本棚の飾りに目を通さないのも多くはこれが原因だが、それ以上に、読むと宝石が石ころになりそうで嫌だなと思う気持ちもある。また冒頭で飽きちゃったら、あるいは作者が気に食わなかったら。気に入っていた表紙はすぐに色あせて見えるようになるんじゃないか。なら別に読まなくてもいいかなぁ。

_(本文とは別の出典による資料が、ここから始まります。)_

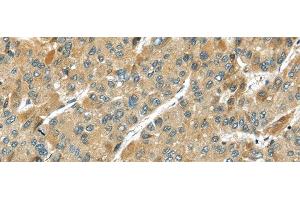 Immunohistochemistry of paraffin-embedded Human liver cancer using TMPRSS11D Polyclonal Antibody at dilution of 1/35 (TMPRSS11D anticorps)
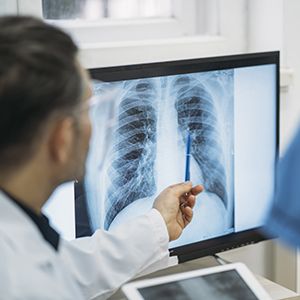 doctor pointing to a chest x-ray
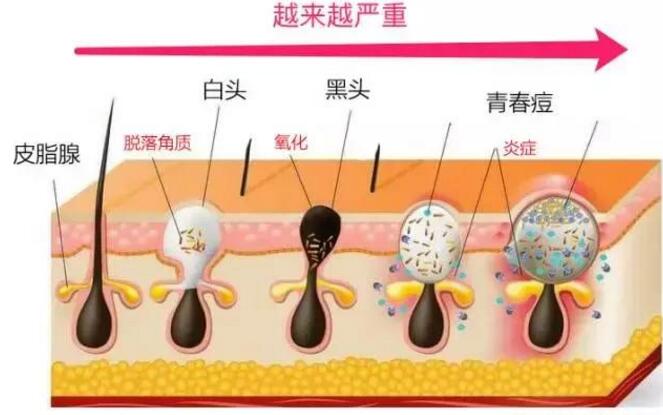毛孔粗大黑头痘痘适合哪种护肤品,毛孔粗大黑头痘痘修复烂脸精华液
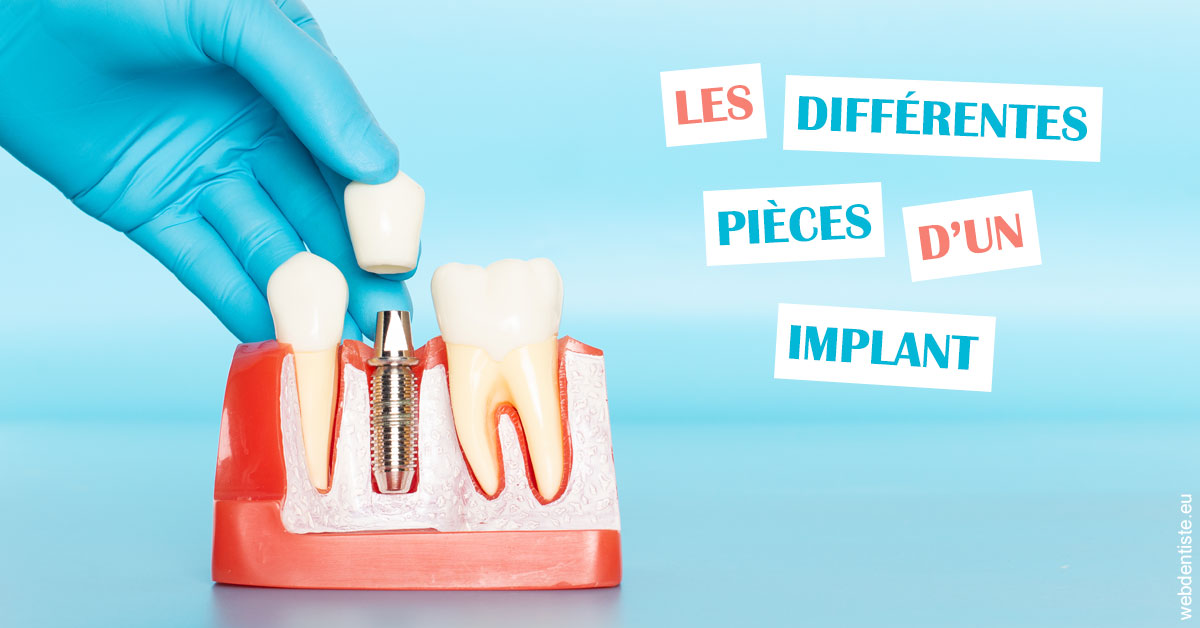 https://dr-dada-karim.chirurgiens-dentistes.fr/Les différentes pièces d’un implant 2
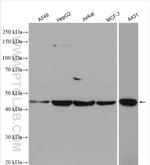 PARP15 Antibody in Western Blot (WB)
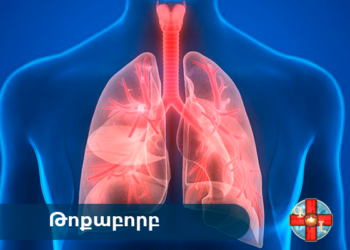 Թոքաբորբով հիվանդացության ռիսկը կանխել հնարավոր է՝ պատվաստվելով սեզոնային գրիպի դեմ. ԱՆ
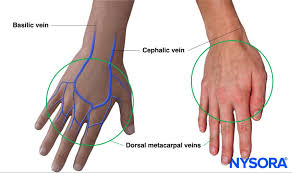 Image result for Peripheral IV Access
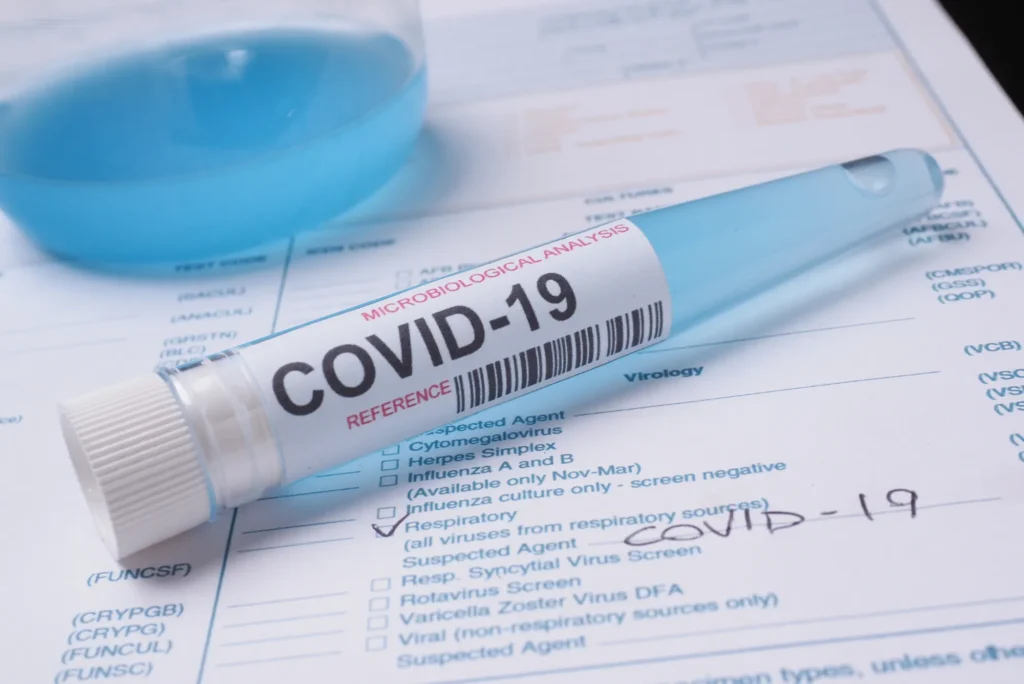 When Should You Get a COVID Test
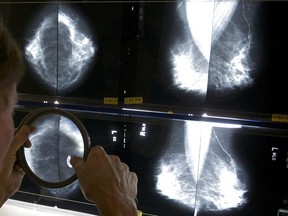 In this May 6, 2010 file photo, a radiologist uses a magnifying glass to check mammograms for breast cancer in Los Angeles. The Canadian Cancer Society says all provinces and territories should lower the starting age for breast cancer screening to 40.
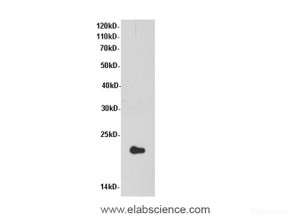 Western Blot analysis of Mouse liver tissue using ARF6 Polyclonal Antibody at dilution of 1:600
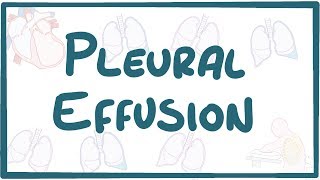 Pleural Effusion  causes symptoms diagnosis treatment pathology [upl. by Hiett]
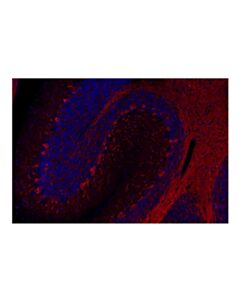 Cell Signaling β3-Tubulin (D65A4) XP® Rabbit mAb (Alexa Fluor® 647 Conjugate); 100 µl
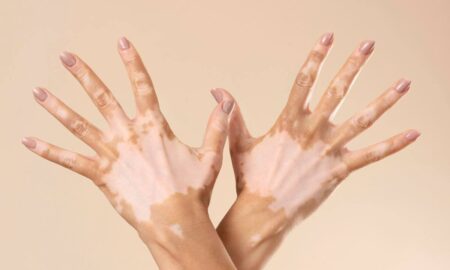 Vitiligo: uma condição de pele com impactos que vão além do físico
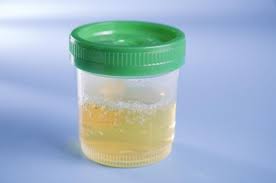Sementara itu, ketika kencing berbusa ternyata disebabkan oleh ejakulasi mundur, dokter bisa saja memberikan resep obat yang cocok. Benarkah Warna Urine Bisa Menunjukkan Jenis Kelamin Anak Di Rahim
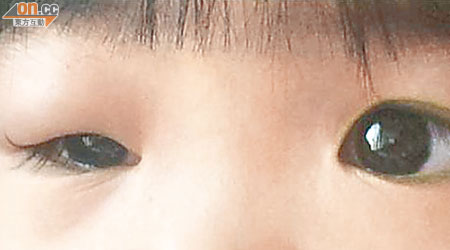女童的右眼紅腫，幾乎張不開眼睛。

 最近、数年ぶりに小説を一冊読破した。アガサ・クリスティーの「オリエント急行の殺人」(山本やよい訳)。買ってそのままなことにそろそろ罪悪感が沸いてきたから。二か月くらいかけて読んだ。ミステリー小説を読んだのは小学生の時以来で、結構新鮮な感覚を抱きながら最後は半分くらい一気に読んだ。オチが好き。作者の思想が感じられてよかった。スマホ越しの思想にはメンタルをやられるのに、本から伝わる作者の思想が心地よいのはなぜか? 単に、アガサが良い人なのかな。いや、まだわからない……あと二冊くらい読んで判断したい。友人になれるかどうかを見極めている気分。別にアガサは私のことなんとも思って無いのに。

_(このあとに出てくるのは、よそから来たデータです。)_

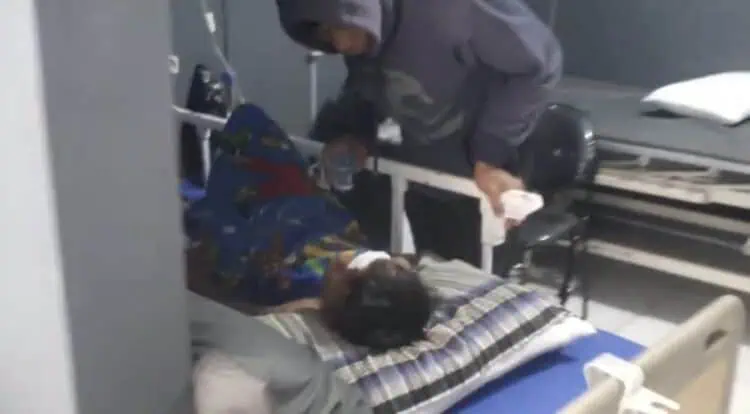 Beleson Meledak, Dua Bocah di Lebak Alami Luka Bakar Serius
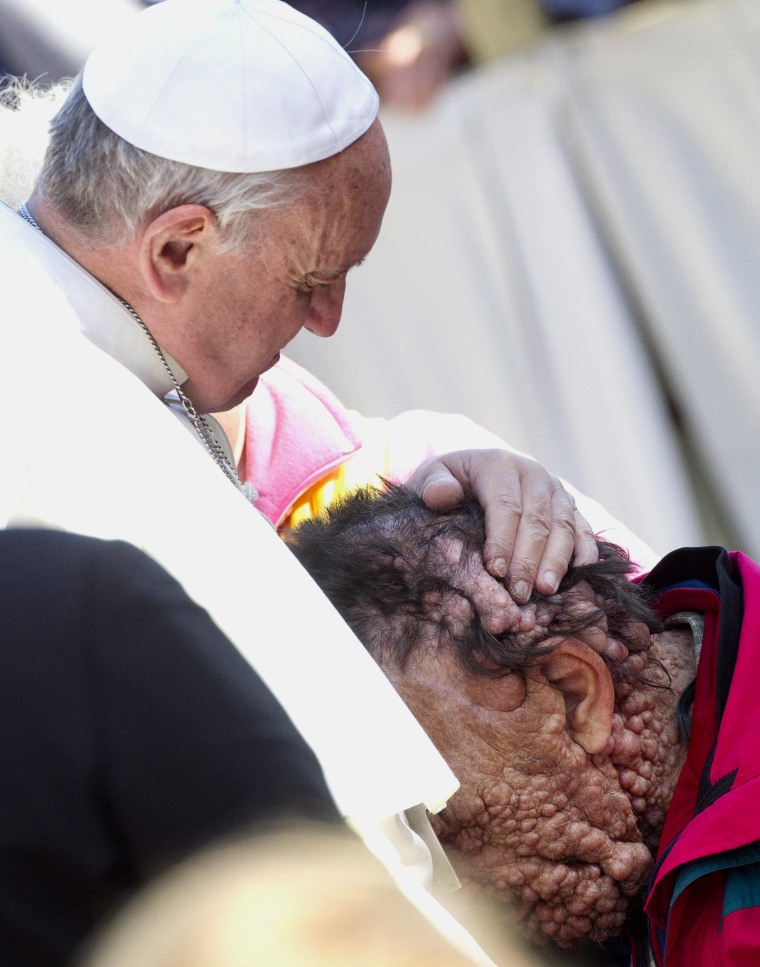 epa03937958 Pope Francis (R) hugs a sick person in Saint Peter's Square at the end of his General Audience in Vatican City, 06 November 2013.  EPA/CLA...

オリエント急行のあと、この勢いですぐ別の小説読んだと思うじゃないですか。もう二か月経ちますけど、まだ何も読んでないです。


 三日前、細長くて黄色くてキリンみたいな本を買った。アガサじゃない。次はこの本を読む。おそらくまた、二か月か三か月かけてじっくり読む。

冒頭だけ読んだけれど、筆者はどうやら奥ゆかしい性格らしい。学童保育の目の前にあった花壇の陰を思い出した。あまり人が来ないから、なんとなくそこでじっと本を読んだ記憶が蘇る。この本はカフェではなくて、できれば寝る前にお布団の中で、数ページずつ読めればいいと思った。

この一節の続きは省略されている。